[Task requirements]:
Print, exactly as they appear in the listing below, the lines from the line with "Vintage Miu Miu" to the line with "For Honor X7", with both end lines kept.

[Data provided]:

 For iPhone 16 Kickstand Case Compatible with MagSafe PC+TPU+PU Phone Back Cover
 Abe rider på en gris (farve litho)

...

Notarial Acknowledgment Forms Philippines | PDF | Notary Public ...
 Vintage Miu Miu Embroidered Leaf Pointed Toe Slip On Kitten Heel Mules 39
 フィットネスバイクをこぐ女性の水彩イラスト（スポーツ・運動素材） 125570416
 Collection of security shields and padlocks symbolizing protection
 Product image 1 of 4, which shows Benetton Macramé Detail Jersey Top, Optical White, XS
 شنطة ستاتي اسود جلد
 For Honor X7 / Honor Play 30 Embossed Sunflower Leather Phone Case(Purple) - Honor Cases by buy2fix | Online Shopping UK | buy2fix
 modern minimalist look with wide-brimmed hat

==

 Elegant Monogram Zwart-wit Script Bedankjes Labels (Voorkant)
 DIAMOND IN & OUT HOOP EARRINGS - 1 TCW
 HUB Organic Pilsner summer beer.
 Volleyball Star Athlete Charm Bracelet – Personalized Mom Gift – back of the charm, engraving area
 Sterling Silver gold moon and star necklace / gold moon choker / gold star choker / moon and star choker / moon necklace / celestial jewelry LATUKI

[Expected output]:
 Vintage Miu Miu Embroidered Leaf Pointed Toe Slip On Kitten Heel Mules 39
 フィットネスバイクをこぐ女性の水彩イラスト（スポーツ・運動素材） 125570416
 Collection of security shields and padlocks symbolizing protection
 Product image 1 of 4, which shows Benetton Macramé Detail Jersey Top, Optical White, XS
 شنطة ستاتي اسود جلد
 For Honor X7 / Honor Play 30 Embossed Sunflower Leather Phone Case(Purple) - Honor Cases by buy2fix | Online Shopping UK | buy2fix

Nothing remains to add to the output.